» **Work task**:
The lines from the one containing "JOIN MY LIVESTREAM ON @anastasia-vip!" through the final line of the listing below are what the answer must repeat, exactly and only, leaving pictures out.

-- -- --

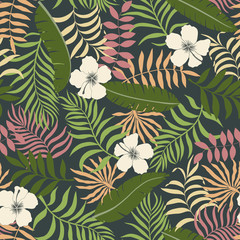 Tropical background with palm leaves and flowers. Seamless floral pattern. Summer vector illustration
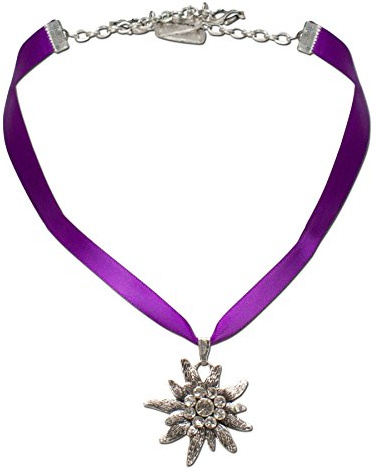 Alpenflüstern Satin-Trachtenkette Strass-Edelweiß - Damen-Trachtenschmuck Dirndlkette in traditionellen Farben DHK115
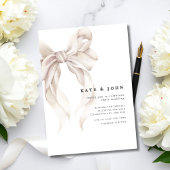 Elegant Bow Wedding Invite, Classic Minimal Modern 招待状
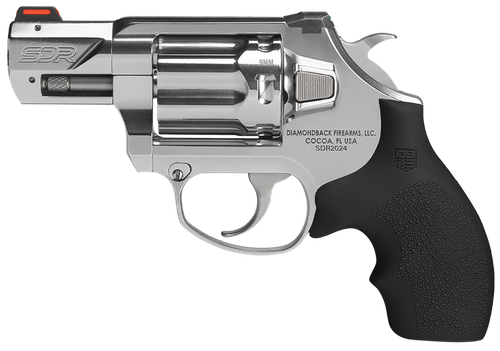 Diamondback SDR Revolver DB0700P701, 9mm, 2", Black Hogue Rubber Grips, Stainless Steel Finish, 6 Rds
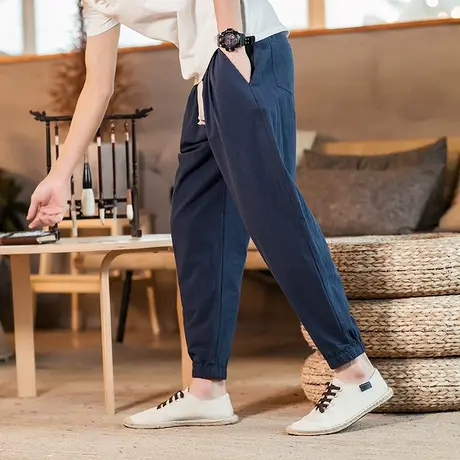 亚麻九分裤男2019新款夏季刺绣大码休闲裤宽松中国风男装棉麻裤子商品大图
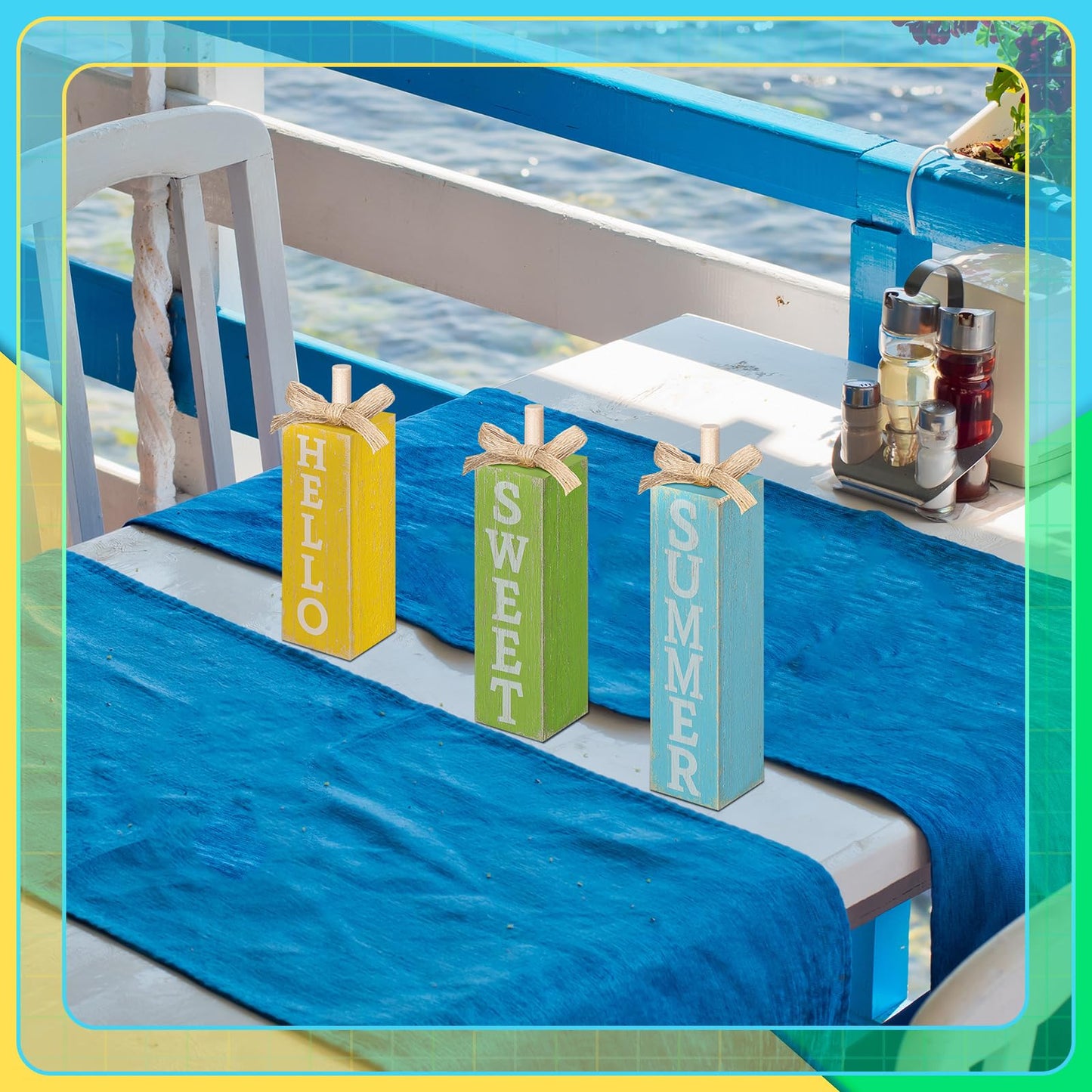 Seeloowy 3 Pcs Hello Sweet Summer Table Block Sign Hello Summer Tiered Tray Decor Rustic Farmhouse Wooden Tabletop Centerpieces for Home Kitchen Shelf Indoor Party Decorations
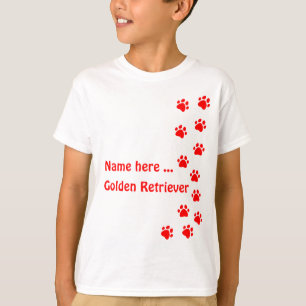 Pfotenabdruck rot - fügen Sie Ihren eigenen Namen T-Shirt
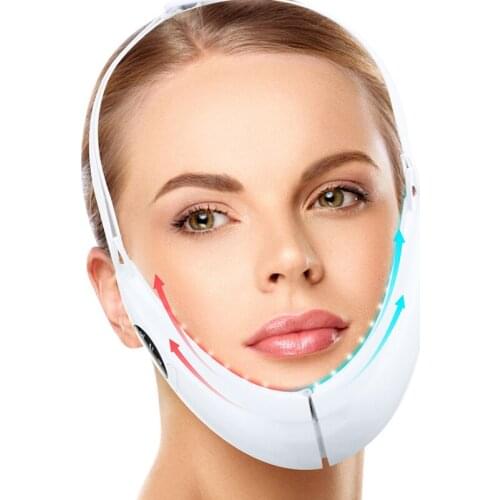 EMS Facial Massager V-Line Lift Up Belt Double Chin Reducer Machine LED Face Slimming Vibration Massage Cellulite Jaw Device 45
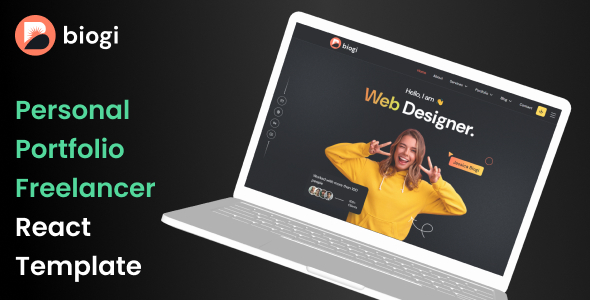 Personal Portfolio Freelancer React Template - Biogi by The_Krishna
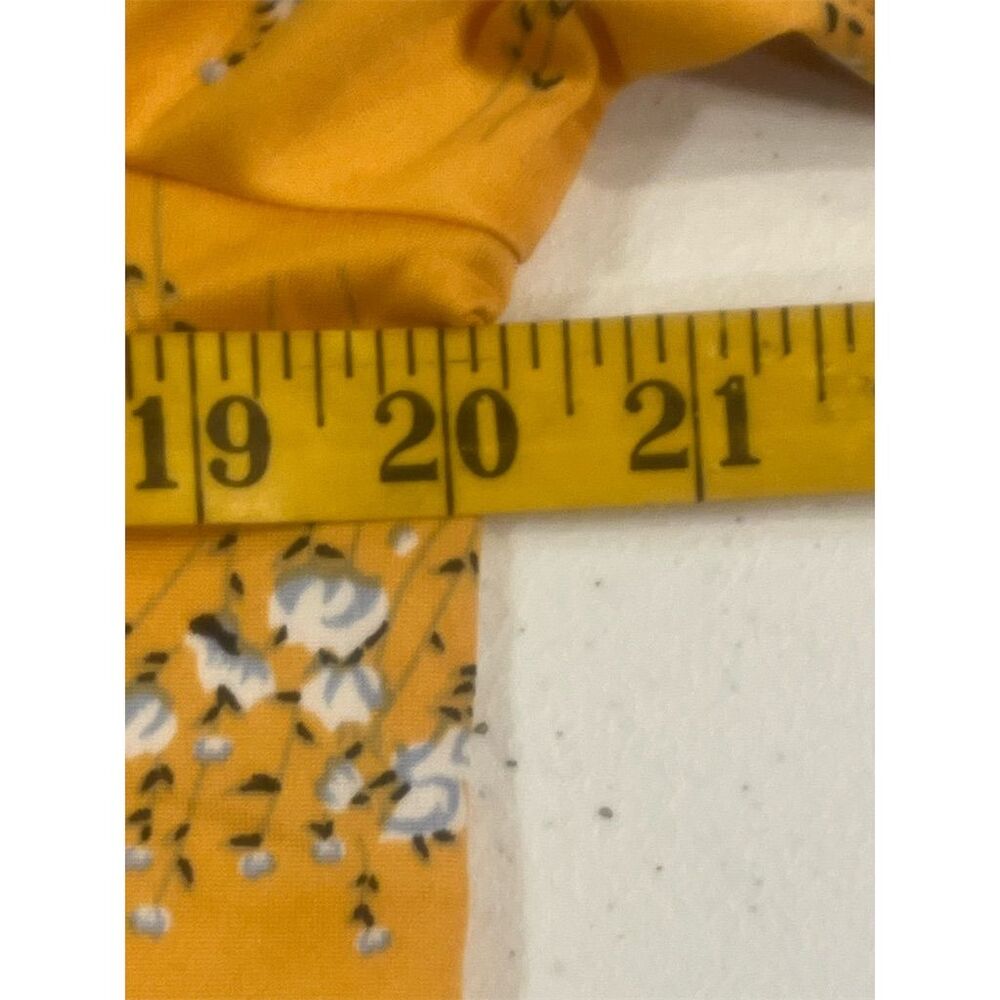 NY Collection Women's Floral Blouse Yellow V-Neck 3/4 Sleeve Standard Size M - Picture 12 of 15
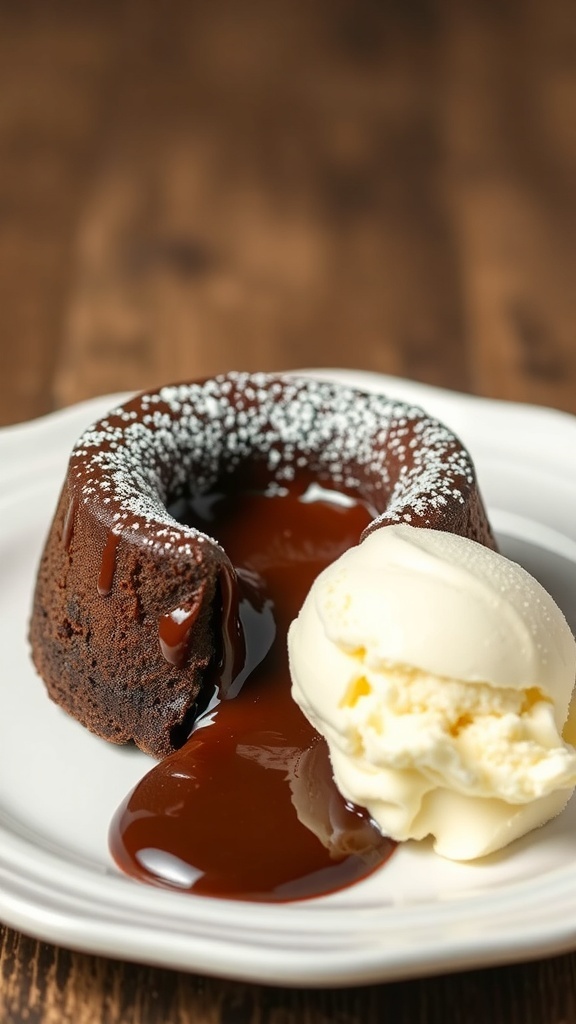 A delicious chocolate lava cake with a molten center, served with vanilla ice cream.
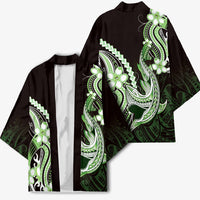 Green Black Aloha Hawaii Kimono Polynesian Shark Tattoo Plumeria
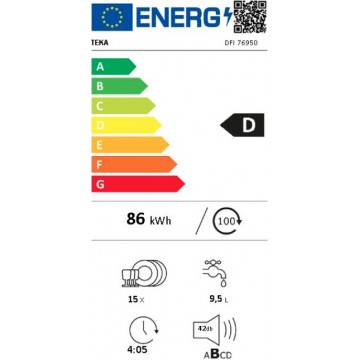 Teka DFI 76950 Πλήρως Εντοιχιζόμενο Πλυντήριο Πιάτων για 15 Σερβίτσια Π59.8xY81.8εκ. Μαύρο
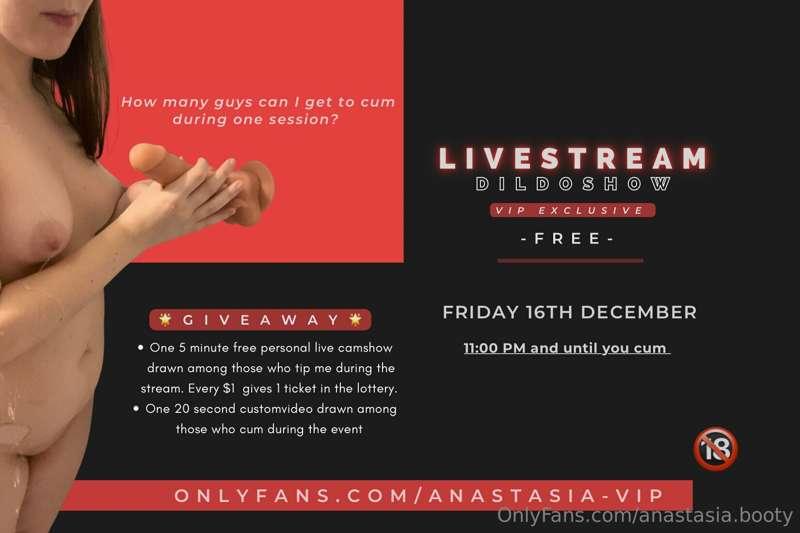 JOIN MY LIVESTREAM ON @anastasia-vip!
***BIRTHDAYPARTYYY***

-- -- --

» **Written response**:
 JOIN MY LIVESTREAM ON @anastasia-vip!
***BIRTHDAYPARTYYY***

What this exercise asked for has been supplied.